=== Section Start ===
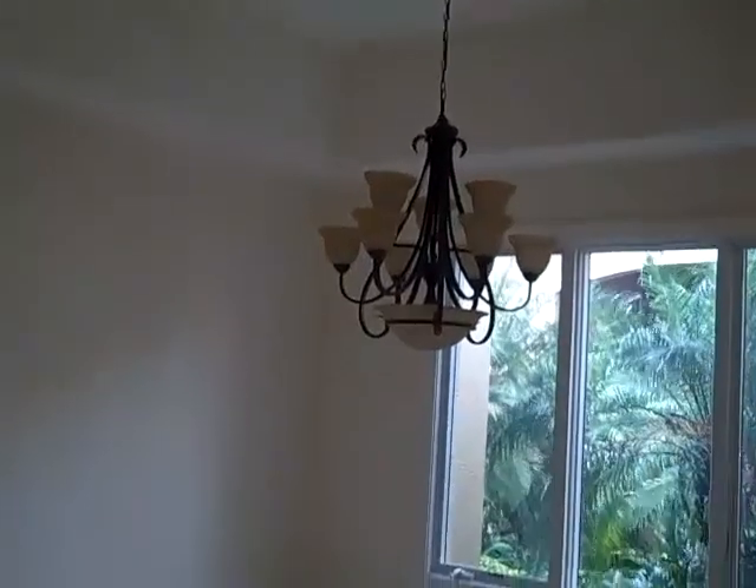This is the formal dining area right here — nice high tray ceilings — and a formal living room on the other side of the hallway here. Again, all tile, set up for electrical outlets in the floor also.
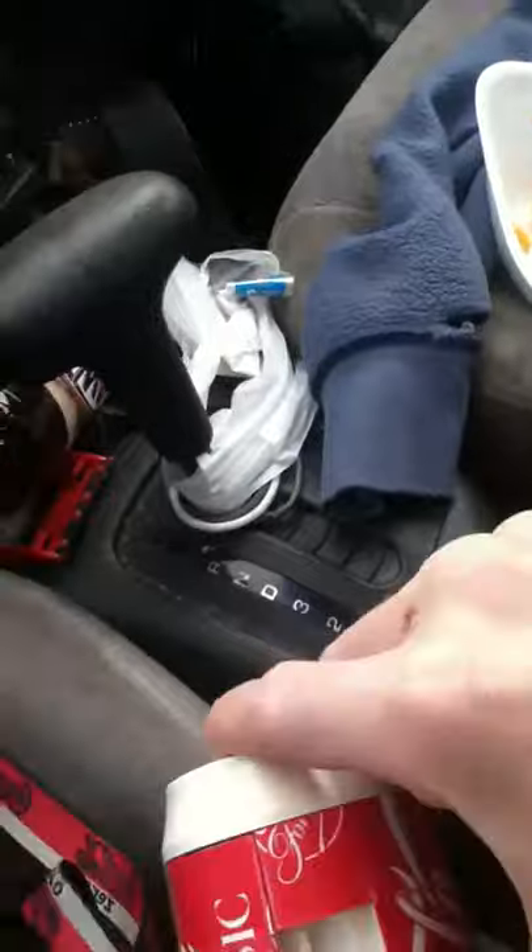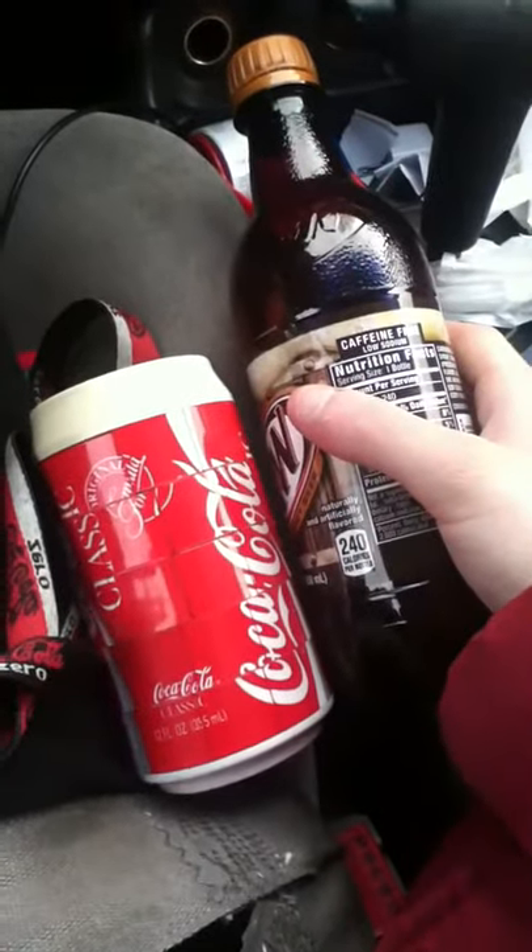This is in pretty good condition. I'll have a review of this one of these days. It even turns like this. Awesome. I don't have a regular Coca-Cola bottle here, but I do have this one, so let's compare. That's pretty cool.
=== Section End ===
=== Section Start ===
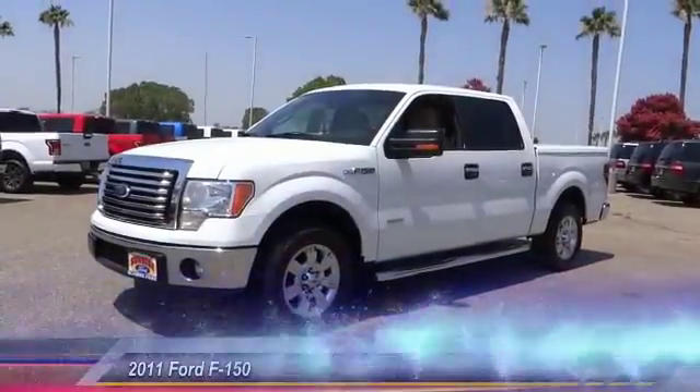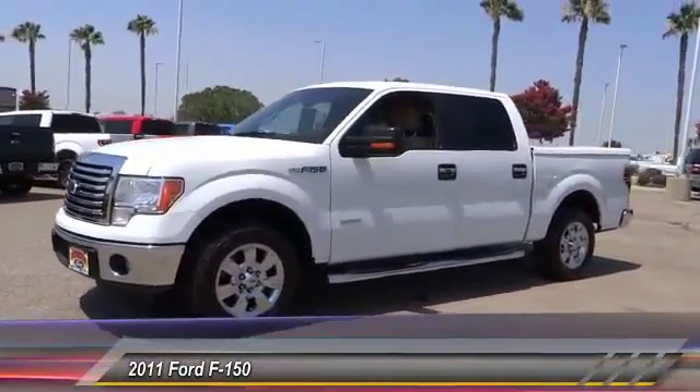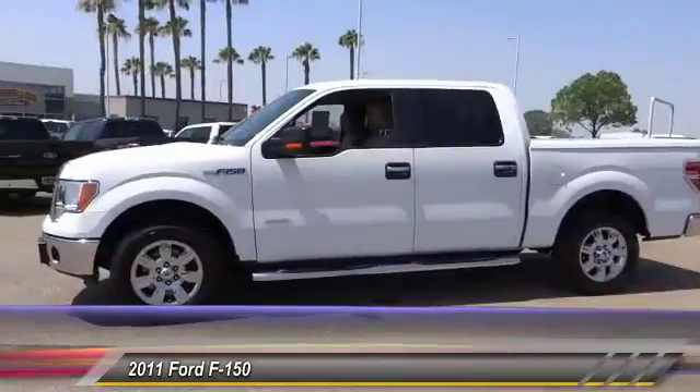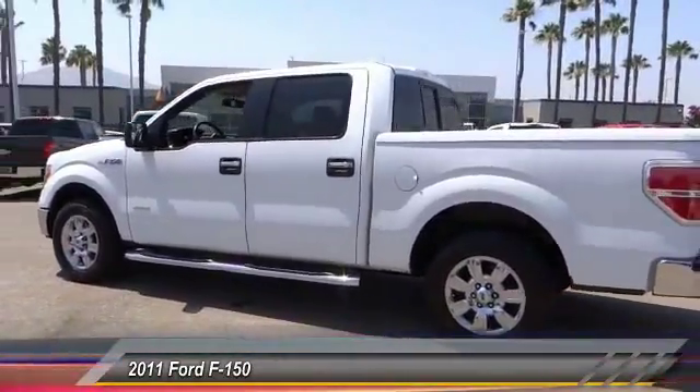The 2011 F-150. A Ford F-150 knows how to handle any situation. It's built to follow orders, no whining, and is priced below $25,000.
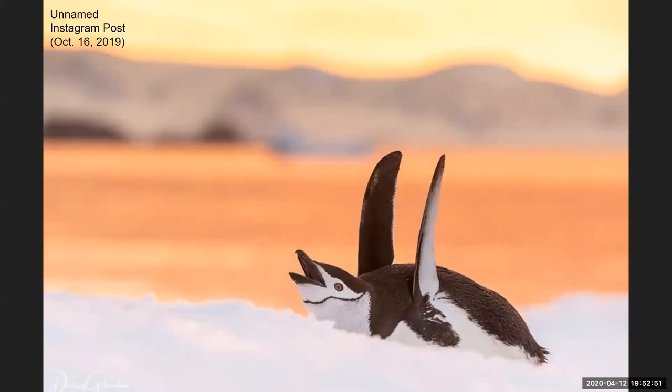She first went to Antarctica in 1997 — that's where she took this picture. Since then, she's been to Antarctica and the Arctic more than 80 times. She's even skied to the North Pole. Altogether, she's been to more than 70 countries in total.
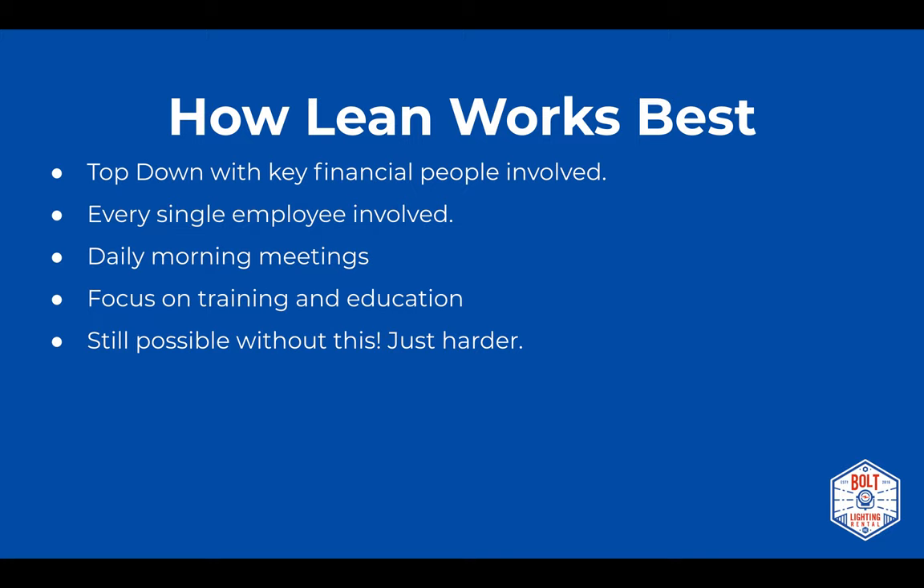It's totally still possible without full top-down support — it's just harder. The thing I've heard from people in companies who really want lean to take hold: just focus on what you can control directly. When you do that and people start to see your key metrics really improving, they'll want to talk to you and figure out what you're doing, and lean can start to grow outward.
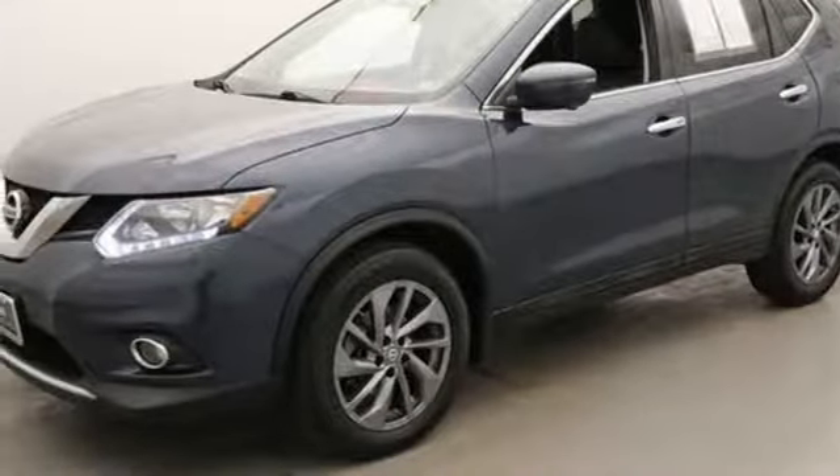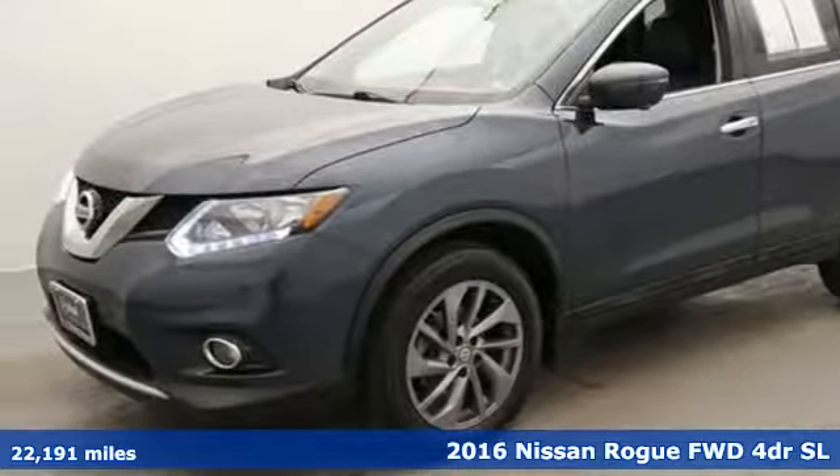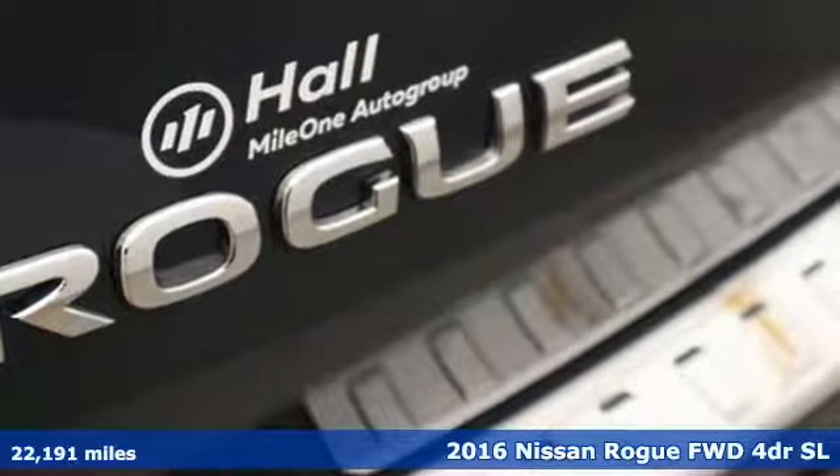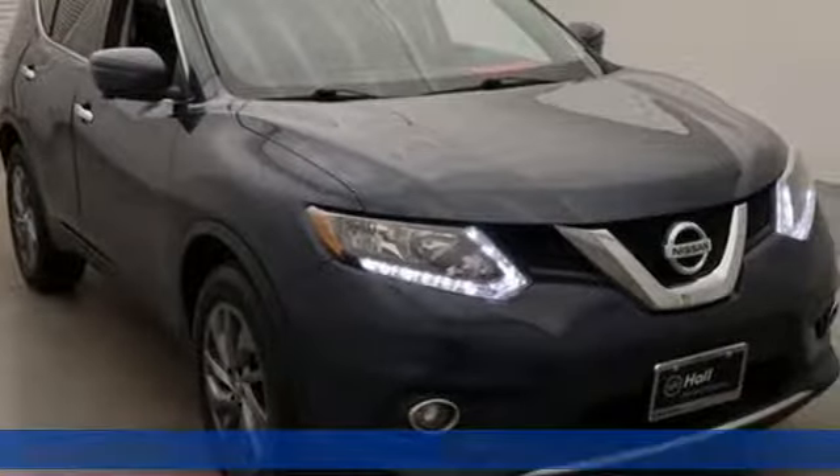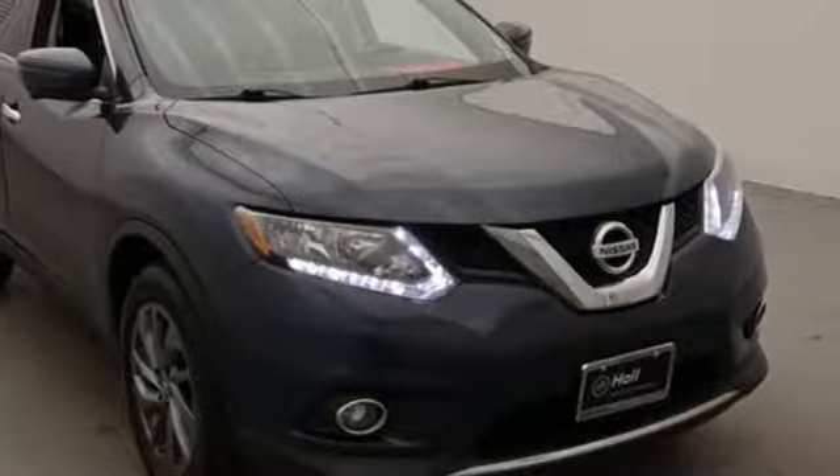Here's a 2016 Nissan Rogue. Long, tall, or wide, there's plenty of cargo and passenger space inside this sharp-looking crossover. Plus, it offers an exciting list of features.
=== Section End ===
▶ [WHAT TO DO]
Only the lines starting at the one with "This is the" and ending at the one with "This is in pretty" should be printed, each exactly as it appears in the material above; the pictures are to be omitted.

▶ [EXERCISE RESULT]
This is the formal dining area right here — nice high tray ceilings — and a formal living room on the other side of the hallway here. Again, all tile, set up for electrical outlets in the floor also.
This is in pretty good condition. I'll have a review of this one of these days. It even turns like this. Awesome. I don't have a regular Coca-Cola bottle here, but I do have this one, so let's compare. That's pretty cool.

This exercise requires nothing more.